Ho semplicemente iniziato facendomi tatuare. Dopo qualche anno, il tutto ha preso una piega inaspettata e quella che in origine era semplice curiosità si è trasformata in un’occupazione a tempo pieno.

Luca, in che modo descriveresti il tuo stile?

Ho sempre trovato questa domanda…difficile. Rapportato alla mia provenienza culturale, geografica e cronologica, mi sento di definirlo – in un certo qual modo – ‘tradizionale’.

Ciò detto, qual è stata l’esperienza più importante della tua carriera?

Fare il primo tatuaggio!

Quali sono le tue fonti d’ispirazione? C’è un artista il cui lavoro rappresenta un punto di riferimento?

Siamo talmente bombardati da stimoli e immagini che è impossibile prendere come punto di riferimento una sola e unica fonte di ispirazione…

Cosa non tatueresti mai? E chi avresti sempre voluto tatuare?

Cerco di tenermi alla larga dai contenuti negativi, mi sembrano un modo preadolescenziale per farsi notare.

Forse non tutti sanno che un tempo eri un writer, cosa ricordi ancora di quei giorni?

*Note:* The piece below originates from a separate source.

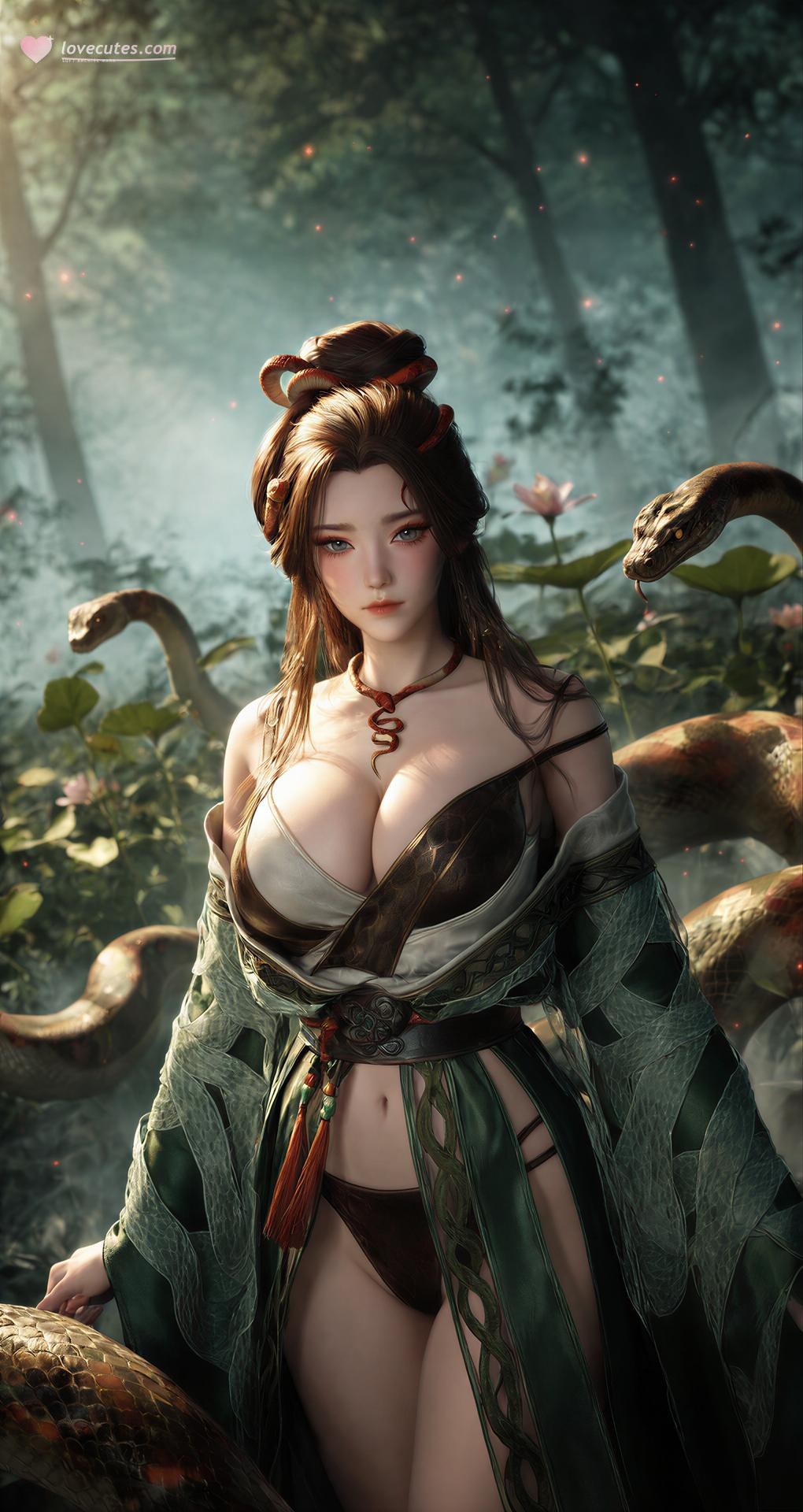 AI Porn - 용교남 숲 뱀 모티브 고전의상 상반신 노출 숲 장면, 뱀 모티브 고전의상, 상반신 노출 AI 이미지 갤러리 162P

Le mani sporche, i vestiti macchiati e il costante senso di esplorazione.

Sei nato e cresciuto a Bergamo, ma vivi a Milano. Cosa ti piace in modo particolare della capitale meneghina? Cosa ti manca, invece, della ‘vita di provincia’?

A Milano, anche solo per 'rimanere a galla’, ci si deve impegnare: è tanto stimolante quanto faticoso. In ogni caso, chi l’ha detto che quella meneghina non è vita di provincia?

Se potessi, cosa vorresti cambiare della scena creativa italiana?

Niente, siamo belli così!

Con oltre 800 post e 80 mila follower su Instagram, il tuo è un seguito a dir poco notevole. I social network hanno, per così dire, contribuito al raggiungimento dei tuoi obiettivi?

Allo stato attuale, sono l’unico strumento lavorativo possibile. Quindi, direi di sì.

Nonostante il tuo grande successo, hai rimorsi o rimpianti?

Certo, si può sempre fare di meglio.

Hai un consiglio per i giovani artisti che vogliono intraprendere un percorso di questa tipologia?

Fate di testa vostra!

E un sogno per il futuro?

Completare il videogioco ‘Cuphead’, ma credo sia difficile riuscirci.

Infine, ti piacerebbe intraprendere una collaborazione con un marchio di abbigliamento?

Sì, ma con un marchio di maglieria!

A Milano, anche solo per 'rimanere a galla’, ci si deve impegnare: è tanto stimolante quanto faticoso. In ogni caso, chi l’ha detto che quella meneghina non è vita di provincia?